**Work to be completed**
Extract the opening line of the entries and every line after it, stopping at and including the line that contains "This is how". Do not include pictures.

Stored data entries:
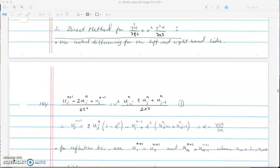In this video I'll be talking about using the direct method to solve the wave equation. Last video I showed how to do the wave equation using forward in time and centered in space. We also talked about Lax-Fredericks. So in this video we're going to show how to use the third method, which is the direct method, to solve for the one-dimensional wave equation.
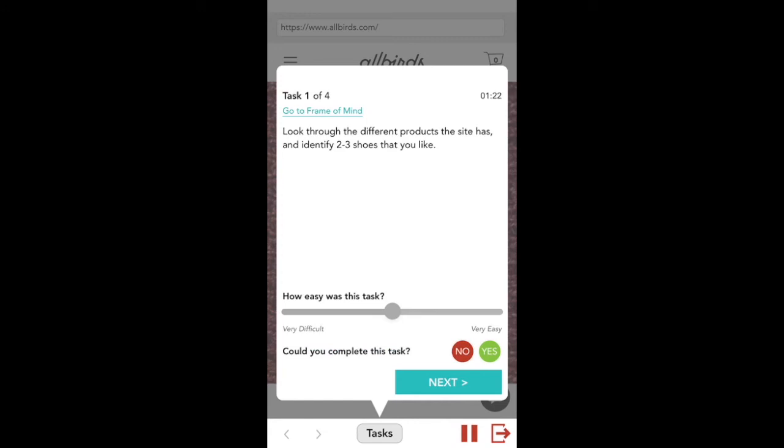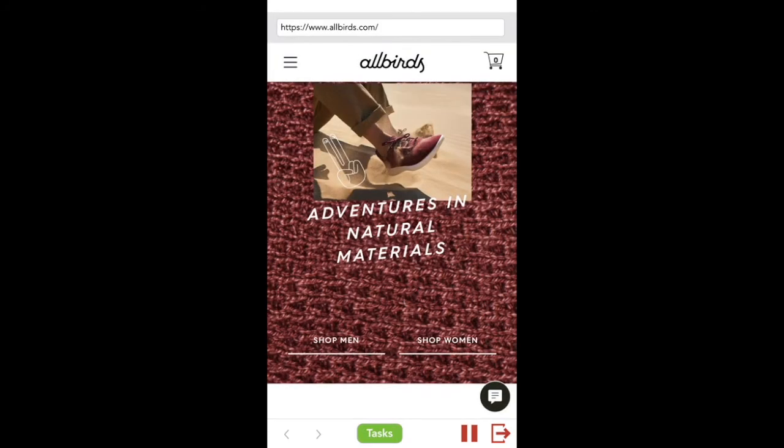When you reach Task 1, read it and then, without pressing Next, tap the Tasks button at the bottom to close the instructions view and switch over to the customer's website.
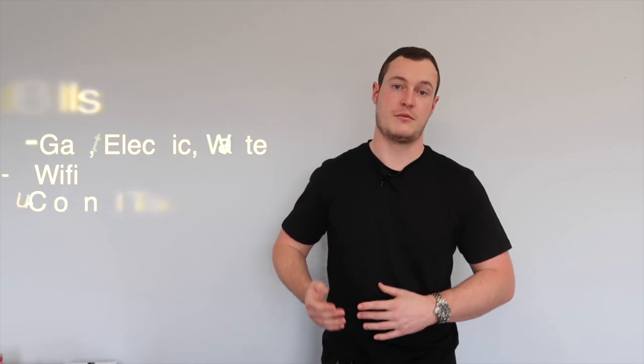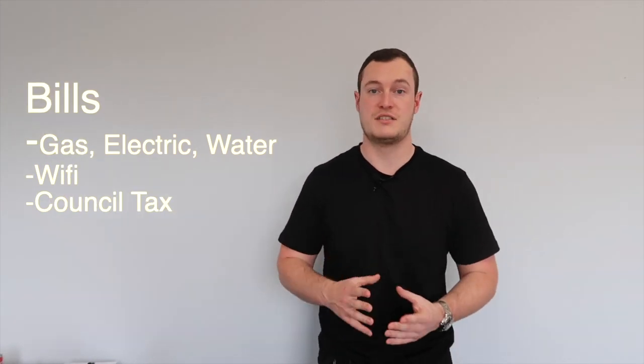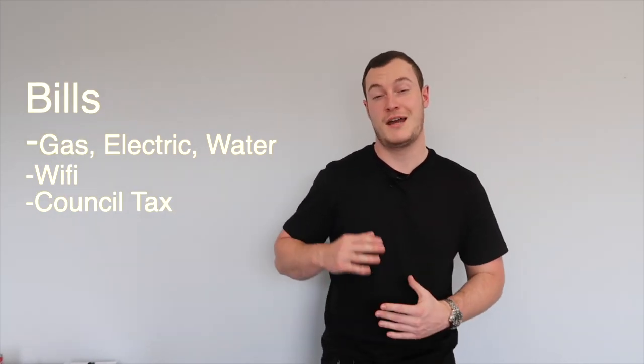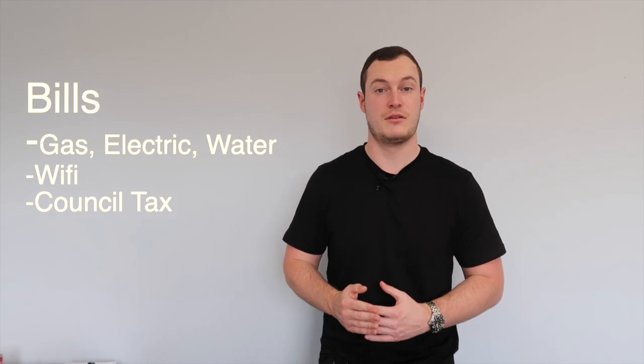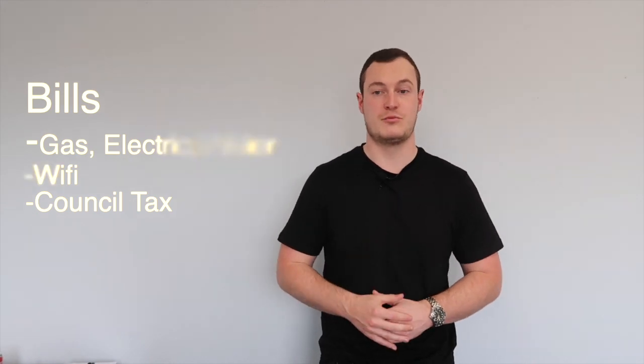It's a little bit different - it's more expensive to provide this service. You've also got to provide things like the bills: the gas, electric, water. You've got to pay for the council tax and make sure you've got really good WiFi in that property as well.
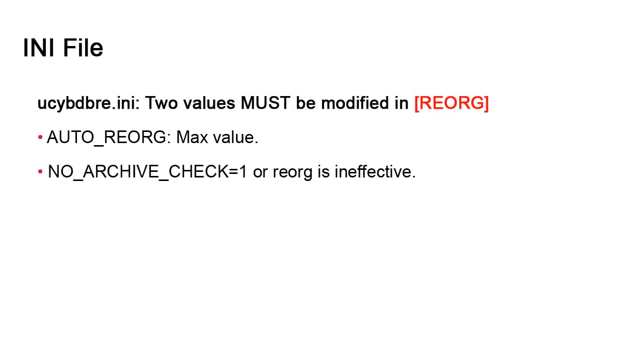The db.reorg is a database utility. Like all utilities, it has an INI configuration file with the usual information about logging, language, and more. It contains one section of interest, the reorg section. It contains two settings with default values that need to be changed.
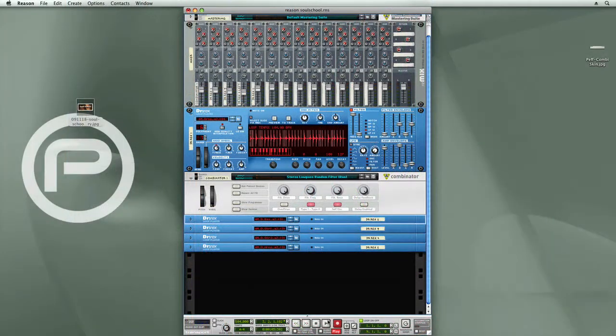Now I'm going to go in and add some more effects to this song file to really transform and tweak out the sounds.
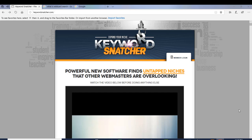What it's going to do is find these untapped keywords or niches that other people probably don't even know exist, because what it does is it goes out to search engines and uses Google Suggest keywords, and Bing and Yahoo and Amazon, to find these keywords that people are typing in that search engines suggest to them, and it collects them and displays them for you.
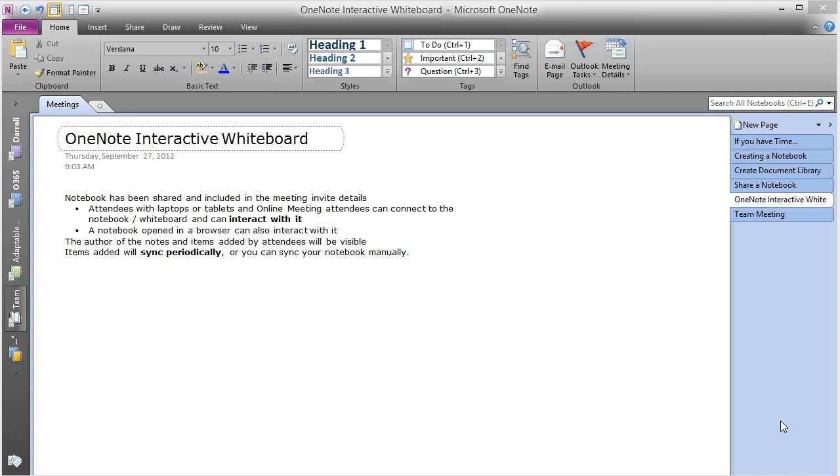I'm going to take you through the process of Ben opening up that whiteboard, and you'll see some of his interactions and how they sync to the same interactive whiteboard and OneNote notebook.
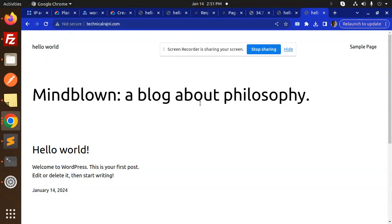This is how you can map a GoDaddy domain to a GCP IP address. If you have any doubts or queries, let me know in the comment section. Thank you so much for watching this video — have a great day!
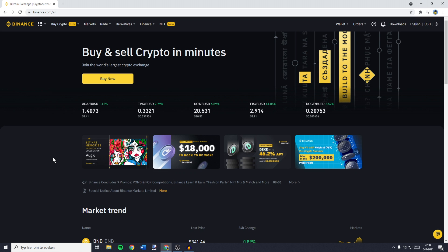The first thing you will need to do is to go over to Binance and log in. Now, once you're logged in,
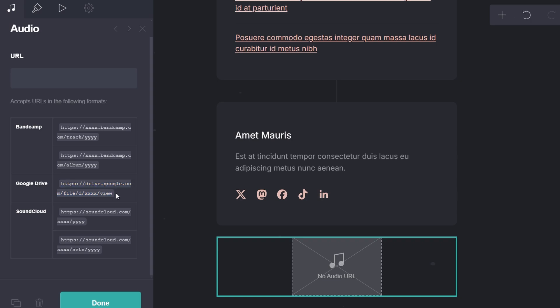Crd has specific audio formats that are supported, such as MP3 if you are using SoundCloud or Google Drive. Make sure to follow Crd's guidance.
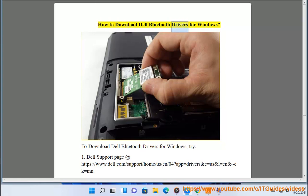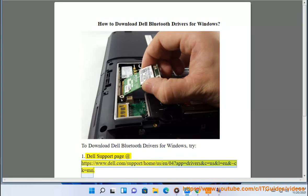How to download Dell Bluetooth Drivers for Windows. To download Dell Bluetooth Drivers for Windows, try option 1: visit the Dell support page at https://www.dell.com/support/home/a/n/04?app=drivers&c=us&l=n&~ck=mn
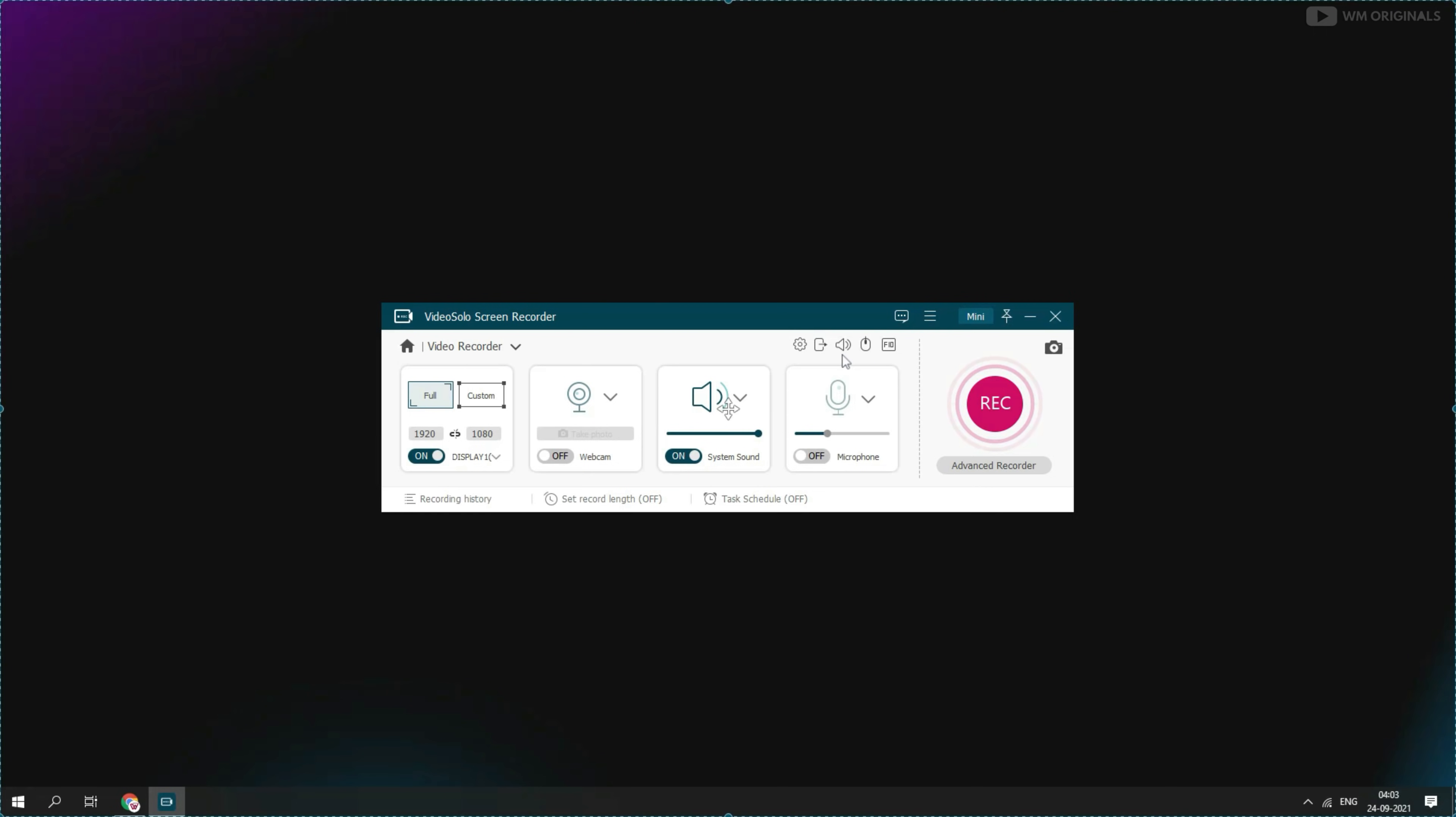We can also change all those preferences from here as well if required to change. Can also capture screenshot from here. Let's start recording and for that click on start.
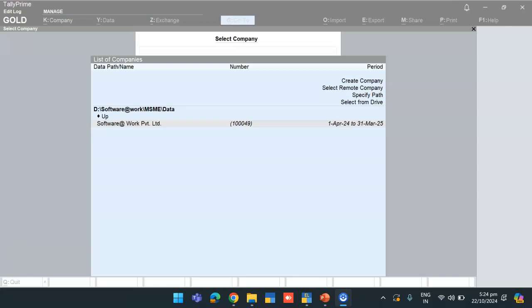As per the MCA notification, payments to MSMEs must be made within 45 days from acceptance and details must be submitted in MSME form number 1.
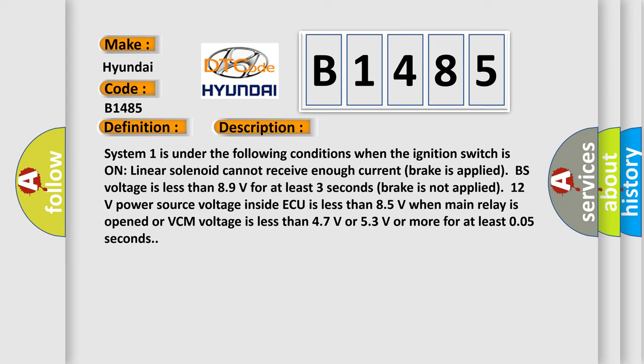Brake is not applied. 12 volts power source voltage inside AQ is less than 85 volts when main relay is opened. Or VCM voltage is less than 47 volts or 53 volts or more for at least 0.05 seconds.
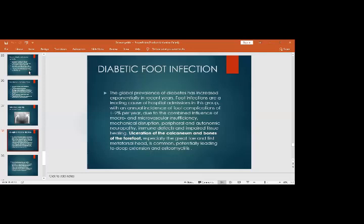Regarding diabetic foot infection: the global prevalence of diabetes has increased in recent years, and foot infections are a leading cause of hospital admission in this group. Foot complications arise from the combined influence of macro- and microvascular insufficiency, mechanical disruption, peripheral and autonomic neuropathy, immune defects, and impaired tissue healing. Common sites of ulceration are the heel, calcaneum, and forefoot bones — especially the metatarsal heads — leading to deep extension and underlying osteomyelitis.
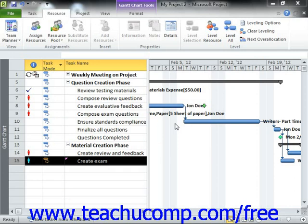As you complete the work on your project file, you should monitor your resource allocation. You may be under-using resources that you could otherwise utilize, which is called under-allocating resources. Perhaps more importantly, you may also accidentally be over-allocating resources, or trying to schedule more work to a resource than is possible in a given time period. In this lesson, we will examine how to monitor your resource allocation within your project file.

**Reply**
In this video I'll be talking about using the direct method to solve the wave equation. Last video I showed how to do the wave equation using forward in time and centered in space. We also talked about Lax-Fredericks. So in this video we're going to show how to use the third method, which is the direct method, to solve for the one-dimensional wave equation.
When you reach Task 1, read it and then, without pressing Next, tap the Tasks button at the bottom to close the instructions view and switch over to the customer's website.
It's a little bit different - it's more expensive to provide this service. You've also got to provide things like the bills: the gas, electric, water. You've got to pay for the council tax and make sure you've got really good WiFi in that property as well.
The db.reorg is a database utility. Like all utilities, it has an INI configuration file with the usual information about logging, language, and more. It contains one section of interest, the reorg section. It contains two settings with default values that need to be changed.
Now I'm going to go in and add some more effects to this song file to really transform and tweak out the sounds.
What it's going to do is find these untapped keywords or niches that other people probably don't even know exist, because what it does is it goes out to search engines and uses Google Suggest keywords, and Bing and Yahoo and Amazon, to find these keywords that people are typing in that search engines suggest to them, and it collects them and displays them for you.
I'm going to take you through the process of Ben opening up that whiteboard, and you'll see some of his interactions and how they sync to the same interactive whiteboard and OneNote notebook.
This is how you can map a GoDaddy domain to a GCP IP address. If you have any doubts or queries, let me know in the comment section. Thank you so much for watching this video — have a great day!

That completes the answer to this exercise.